Not only is it cheaper to find produce when it’s freshest, but eating a fruit or veggie at the height of its freshness allows you the most vitamins, minerals and nutrients. Sure frozen stuff works in a pinch, but by eating fresh fruits and veggies when they’re in season, you’re definitely doing your body a service. Think citrus in the winter months, leafy greens, onions and garlic in the spring, tomatoes, cucumbers, zucchini and berries in the summer and root veggies and greens again in the Fall. If you need a resource, Buzzfeed Food puts out a monthly “What’s in Season” guide at the beginning of each month so you know what foods to be on the lookout for AND to challenge yourself to try things you haven’t tried lately or at all!
#4. Which reminds me… if we eat what we have always eaten, then we’re destined to weight what we have always weighed.

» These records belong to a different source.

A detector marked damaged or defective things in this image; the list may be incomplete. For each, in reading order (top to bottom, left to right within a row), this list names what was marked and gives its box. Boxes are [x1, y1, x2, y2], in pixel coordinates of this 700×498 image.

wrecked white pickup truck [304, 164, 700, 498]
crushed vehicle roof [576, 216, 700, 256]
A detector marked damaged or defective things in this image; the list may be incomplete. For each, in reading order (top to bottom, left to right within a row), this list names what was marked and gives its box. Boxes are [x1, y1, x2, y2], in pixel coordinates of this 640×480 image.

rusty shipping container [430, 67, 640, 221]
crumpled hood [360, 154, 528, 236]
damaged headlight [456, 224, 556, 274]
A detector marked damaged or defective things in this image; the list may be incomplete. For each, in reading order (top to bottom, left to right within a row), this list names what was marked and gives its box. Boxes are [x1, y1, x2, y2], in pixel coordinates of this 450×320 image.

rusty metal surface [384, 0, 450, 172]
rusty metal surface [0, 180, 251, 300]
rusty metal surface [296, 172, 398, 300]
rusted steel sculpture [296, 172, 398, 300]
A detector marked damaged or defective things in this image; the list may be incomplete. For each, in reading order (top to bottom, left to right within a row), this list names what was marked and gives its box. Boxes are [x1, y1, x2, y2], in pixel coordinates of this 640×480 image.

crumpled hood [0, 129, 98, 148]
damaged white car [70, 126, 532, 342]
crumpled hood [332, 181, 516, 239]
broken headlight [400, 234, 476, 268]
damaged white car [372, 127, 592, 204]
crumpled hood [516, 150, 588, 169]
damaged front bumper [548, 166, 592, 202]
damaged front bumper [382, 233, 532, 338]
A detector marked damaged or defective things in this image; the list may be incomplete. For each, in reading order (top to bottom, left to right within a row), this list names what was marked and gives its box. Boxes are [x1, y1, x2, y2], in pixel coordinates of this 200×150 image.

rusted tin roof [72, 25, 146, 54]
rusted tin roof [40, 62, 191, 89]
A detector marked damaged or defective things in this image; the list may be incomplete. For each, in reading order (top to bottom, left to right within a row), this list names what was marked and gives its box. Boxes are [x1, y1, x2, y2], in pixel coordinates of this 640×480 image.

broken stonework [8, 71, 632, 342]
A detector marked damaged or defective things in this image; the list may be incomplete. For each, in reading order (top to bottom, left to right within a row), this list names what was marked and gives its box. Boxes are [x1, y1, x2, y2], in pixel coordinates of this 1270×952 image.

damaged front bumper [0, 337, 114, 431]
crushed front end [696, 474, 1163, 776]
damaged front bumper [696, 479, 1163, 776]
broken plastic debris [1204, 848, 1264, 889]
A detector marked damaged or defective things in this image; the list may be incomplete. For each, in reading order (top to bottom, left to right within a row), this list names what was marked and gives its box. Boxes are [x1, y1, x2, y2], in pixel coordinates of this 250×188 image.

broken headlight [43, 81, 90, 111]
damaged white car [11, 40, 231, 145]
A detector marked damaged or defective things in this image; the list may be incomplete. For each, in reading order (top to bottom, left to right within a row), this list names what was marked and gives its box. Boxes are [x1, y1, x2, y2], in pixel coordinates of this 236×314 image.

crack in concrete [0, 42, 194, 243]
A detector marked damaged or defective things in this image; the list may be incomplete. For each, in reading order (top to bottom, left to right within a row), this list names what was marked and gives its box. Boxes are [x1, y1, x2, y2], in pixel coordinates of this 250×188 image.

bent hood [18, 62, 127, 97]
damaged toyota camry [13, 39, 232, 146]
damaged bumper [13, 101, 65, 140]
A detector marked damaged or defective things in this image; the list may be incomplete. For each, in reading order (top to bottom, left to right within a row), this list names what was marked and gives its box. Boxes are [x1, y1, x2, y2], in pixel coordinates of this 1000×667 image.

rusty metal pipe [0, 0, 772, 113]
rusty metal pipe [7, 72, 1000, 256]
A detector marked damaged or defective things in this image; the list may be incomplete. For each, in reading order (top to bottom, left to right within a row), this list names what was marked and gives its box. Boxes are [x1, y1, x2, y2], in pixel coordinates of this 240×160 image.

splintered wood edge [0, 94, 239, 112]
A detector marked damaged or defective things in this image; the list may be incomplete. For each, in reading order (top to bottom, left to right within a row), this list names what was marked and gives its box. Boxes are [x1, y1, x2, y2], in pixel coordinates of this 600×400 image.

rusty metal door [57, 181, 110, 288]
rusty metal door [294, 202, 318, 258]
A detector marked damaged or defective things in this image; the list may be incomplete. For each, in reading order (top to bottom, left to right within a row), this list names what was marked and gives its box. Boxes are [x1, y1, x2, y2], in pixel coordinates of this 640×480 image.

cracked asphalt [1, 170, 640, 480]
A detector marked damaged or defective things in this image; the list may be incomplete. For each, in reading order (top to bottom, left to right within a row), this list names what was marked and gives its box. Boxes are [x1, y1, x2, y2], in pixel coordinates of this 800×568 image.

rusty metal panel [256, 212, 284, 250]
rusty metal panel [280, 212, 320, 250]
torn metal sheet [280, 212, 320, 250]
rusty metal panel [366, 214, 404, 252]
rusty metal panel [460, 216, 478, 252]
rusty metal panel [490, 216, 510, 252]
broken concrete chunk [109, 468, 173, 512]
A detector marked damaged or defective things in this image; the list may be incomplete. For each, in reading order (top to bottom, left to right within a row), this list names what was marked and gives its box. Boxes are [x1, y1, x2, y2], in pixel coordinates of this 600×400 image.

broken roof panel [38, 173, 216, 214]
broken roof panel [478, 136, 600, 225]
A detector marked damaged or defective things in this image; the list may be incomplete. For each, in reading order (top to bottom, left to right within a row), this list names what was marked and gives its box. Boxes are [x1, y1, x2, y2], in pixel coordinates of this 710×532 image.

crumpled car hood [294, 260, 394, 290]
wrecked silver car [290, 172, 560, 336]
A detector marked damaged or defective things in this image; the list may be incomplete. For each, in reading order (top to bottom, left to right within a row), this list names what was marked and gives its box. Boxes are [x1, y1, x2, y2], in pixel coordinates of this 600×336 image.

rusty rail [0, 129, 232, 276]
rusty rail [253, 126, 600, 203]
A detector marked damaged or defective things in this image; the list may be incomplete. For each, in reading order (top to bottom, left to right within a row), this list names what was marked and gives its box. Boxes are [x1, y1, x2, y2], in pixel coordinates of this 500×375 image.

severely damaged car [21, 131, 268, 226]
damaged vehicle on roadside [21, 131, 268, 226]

So I look at my weight loss journey as an opportunity to get OUT of my comfort zone and try new things. I’ve found that some veggies I thought I hated, like butternut squash (dusted with cayenne pepper) and mushrooms (sautéed with fresh rosemary), are actually delicious and have become staples in my household. I’ve also tried unique fruits like starfruit and dragonfruit and blood oranges because they were in season and on sale, and I even tempt my palate with spicy Korean bibimbap, yellow Indian curry and zaatar from North Africa. You can buy a ton of spice sampler packs online or purchase them at your local health foods stores, and have your own episode of “Chopped!” with your family!
#5. I incorporate full-fat “toppings” with lower-calorie proteins to satisfy my cravings.
I have found that often, I want the toppings to dishes more than I want the protein or the base. So I’d gladly exchange my pasta for zucchini noodles or “zoodles” so I can have the meaty Bolognese sauce and some parmesan cheese. Similarly, I’ll gladly give up the bun and eat a turkey burger if it means I can have some sautéed mushrooms and onions and bacon on it! Because these combinations are really endless, it allows me to have a lot of foods I would have thought were “off limits” during weight loss.
#6. Know what you love, don’t sacrifice and make sure you eat it often.
To me, I can give up roasted potatoes, rice and most “starches,” but french fries are an essential part of my menus. Similarly, I’ll gladly give up muffins, rolls and danishes, but I’m a New Yorker, so you’ll pry my rye toast and bagels out of my cold dead hands! While I don’t eat these things all the time I do eat them a few times a month, so I never feel “deprived” or like my favorite things are off limits. I plan ahead and eat lightly for the rest of the day, like having egg whites and veggies for breakfast or making my snacks whole fruits instead of chips or crackers. I might also get in an extra workout to burn some additional calories, so that when I’ve picked the thing I really want I can have it, guilt-free.
What do you think? What do you do to avoid feeling “diet food fatigue?”